Il y a violation de cette clause dans trois hypothèses.

- Il y a évidemment violation caractérisée quand le franchisé a cédé sans en avoir fait la proposition au franchiseur,
- mais aussi lorsque la cession a lieu dans des conditions plus avantageuses que celles faites précédemment au franchiseur.

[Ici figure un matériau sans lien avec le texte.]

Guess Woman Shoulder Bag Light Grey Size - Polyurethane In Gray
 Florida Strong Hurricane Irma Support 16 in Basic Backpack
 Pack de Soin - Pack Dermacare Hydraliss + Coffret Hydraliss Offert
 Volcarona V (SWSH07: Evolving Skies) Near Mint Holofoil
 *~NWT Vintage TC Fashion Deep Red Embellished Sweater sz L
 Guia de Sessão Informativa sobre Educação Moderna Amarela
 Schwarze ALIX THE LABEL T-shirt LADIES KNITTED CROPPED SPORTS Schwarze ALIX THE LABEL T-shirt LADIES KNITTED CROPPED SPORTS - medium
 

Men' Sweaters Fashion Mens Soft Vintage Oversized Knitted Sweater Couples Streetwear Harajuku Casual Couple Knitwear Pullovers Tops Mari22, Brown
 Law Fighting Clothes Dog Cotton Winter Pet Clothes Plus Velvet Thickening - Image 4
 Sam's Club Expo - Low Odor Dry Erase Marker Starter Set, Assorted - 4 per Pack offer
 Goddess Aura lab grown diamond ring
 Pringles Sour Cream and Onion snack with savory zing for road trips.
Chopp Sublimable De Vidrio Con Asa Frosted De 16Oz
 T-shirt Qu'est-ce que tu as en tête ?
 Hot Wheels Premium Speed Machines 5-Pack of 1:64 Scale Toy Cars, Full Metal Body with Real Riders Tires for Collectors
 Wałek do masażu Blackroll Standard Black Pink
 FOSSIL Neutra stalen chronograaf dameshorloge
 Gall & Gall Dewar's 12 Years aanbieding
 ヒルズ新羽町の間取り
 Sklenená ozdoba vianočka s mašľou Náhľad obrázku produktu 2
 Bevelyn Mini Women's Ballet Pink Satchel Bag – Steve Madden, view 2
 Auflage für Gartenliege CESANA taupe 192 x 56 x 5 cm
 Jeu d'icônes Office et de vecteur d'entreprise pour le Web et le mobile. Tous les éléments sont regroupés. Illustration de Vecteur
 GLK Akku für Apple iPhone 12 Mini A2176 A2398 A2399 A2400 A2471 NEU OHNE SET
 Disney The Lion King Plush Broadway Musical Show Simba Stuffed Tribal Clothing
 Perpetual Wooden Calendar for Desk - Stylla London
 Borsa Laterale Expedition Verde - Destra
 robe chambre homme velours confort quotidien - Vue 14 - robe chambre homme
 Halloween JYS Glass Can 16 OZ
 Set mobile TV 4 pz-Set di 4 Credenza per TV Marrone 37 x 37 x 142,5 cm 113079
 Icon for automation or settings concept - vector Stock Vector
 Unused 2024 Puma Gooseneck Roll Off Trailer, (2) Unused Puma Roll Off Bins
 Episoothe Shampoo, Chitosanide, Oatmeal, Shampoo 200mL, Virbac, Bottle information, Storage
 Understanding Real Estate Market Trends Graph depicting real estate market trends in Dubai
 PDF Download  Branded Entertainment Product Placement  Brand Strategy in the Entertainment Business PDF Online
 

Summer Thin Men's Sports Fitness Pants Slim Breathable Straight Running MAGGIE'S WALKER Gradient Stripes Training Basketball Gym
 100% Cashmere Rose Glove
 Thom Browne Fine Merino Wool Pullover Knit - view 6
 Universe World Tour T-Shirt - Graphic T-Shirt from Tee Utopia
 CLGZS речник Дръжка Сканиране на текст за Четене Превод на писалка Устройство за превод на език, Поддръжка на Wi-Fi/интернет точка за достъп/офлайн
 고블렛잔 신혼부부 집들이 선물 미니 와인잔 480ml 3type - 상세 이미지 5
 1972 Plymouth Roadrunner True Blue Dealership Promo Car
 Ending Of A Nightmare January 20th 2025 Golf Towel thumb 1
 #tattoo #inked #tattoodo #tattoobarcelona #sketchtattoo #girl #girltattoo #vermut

- enfin la jurisprudence retient que le pacte est violé s'il est établi que le cédant et le cessionnaire se sont entendus sur les conditions de la cession avant l'expiration du contrat. La clause est réputée violée car l'accord est intervenu afin d'éluder le droit de préférence du bénéficiaire qui intervient en fin de contrat.
Le franchiseur peut intenter plusieurs actions, par exemple obtenir l'exécution forcée de son droit de préférence. Il peut en résulter la nullité de la vente. La jurisprudence manifeste néanmoins une certaine souplesse quant à la preuve de la connaissance par le tiers des conditions de cette cession. Le franchiseur peut aussi engager la responsabilité contractuelle du franchisé et obtenir la résiliation de son contrat. Il peut enfin engager la responsabilité délictuelle du tiers acquéreur, s'il a pu avoir connaissance du pacte de préférence. La jurisprudence fait peser sur ce tiers acquéreur la nécessité de se renseigner sur la situation.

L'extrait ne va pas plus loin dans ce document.